I might have an answer for you - a little later. By way of a quick comment for now:
There is no mention of lesbian love in the OT. We therefore surmise that the Christian doctrinal objection to homosexuality among women is based on a single phrase about natural/unnatural relations from Romans 1:24-27 Note that it's mentioned in passing: "Even their women exchanged natural relations for unnatural ones." Note: Paul's mention of it would appear to be a comment on a historical situation; it's not a clear doctrinal statement concerning the moral/spiritual significance of sexual preferences. That is, there's no clear statement of the spiritual significance of sexual preference or behavior or their potential impact on a person's salvation.
OT references to male homosexuality suggest that it was seen as a crime. The question is why. I'll get back to that later. In the meantime, there is no explanation of its potential impact on a person's salvation. The fact that the Old Testament doesn't have much to say about the soul's future might have something to do with that.
As for the New Testament, I don't believe Jesus himself ever said anything about gayness. And still church groups would have you believe that there is a scriptural basis for their views, attitudes, and policies. Consider earlier this year Rowan Williams, the archbishop of Canterbury, recently affirmed what is called "the classical Christian doctrine on sexual morality," which includes a stand against "gay sex."
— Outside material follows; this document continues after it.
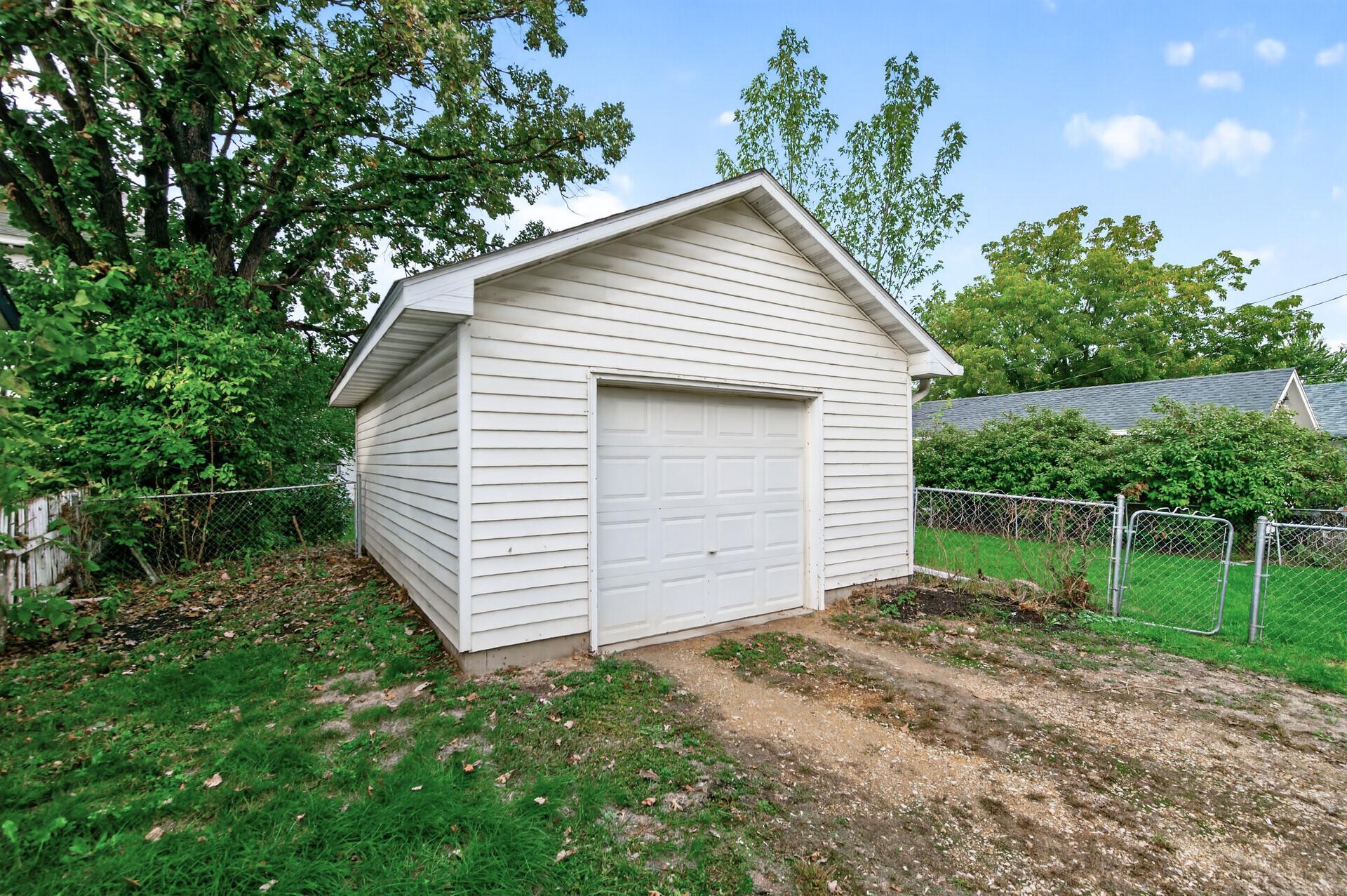 308 4th Street E Property Photo 38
I think it would be fair to say that there is virtually no scriptural basis for Christian objection to homosexuality. Whatever elaborate positions religious groups have been espousing over the years has involved layers of assumptions and inferences, with no meaningful explication as to the moral/spiritual significance of sexual preferences and only a single reference to lesbian love from someone who was writing long after Jesus was gone.
It is astonishing to me that anyone would refer us to Church theologians as though doctrine and theological argument could have authority without reference to scriptural proof.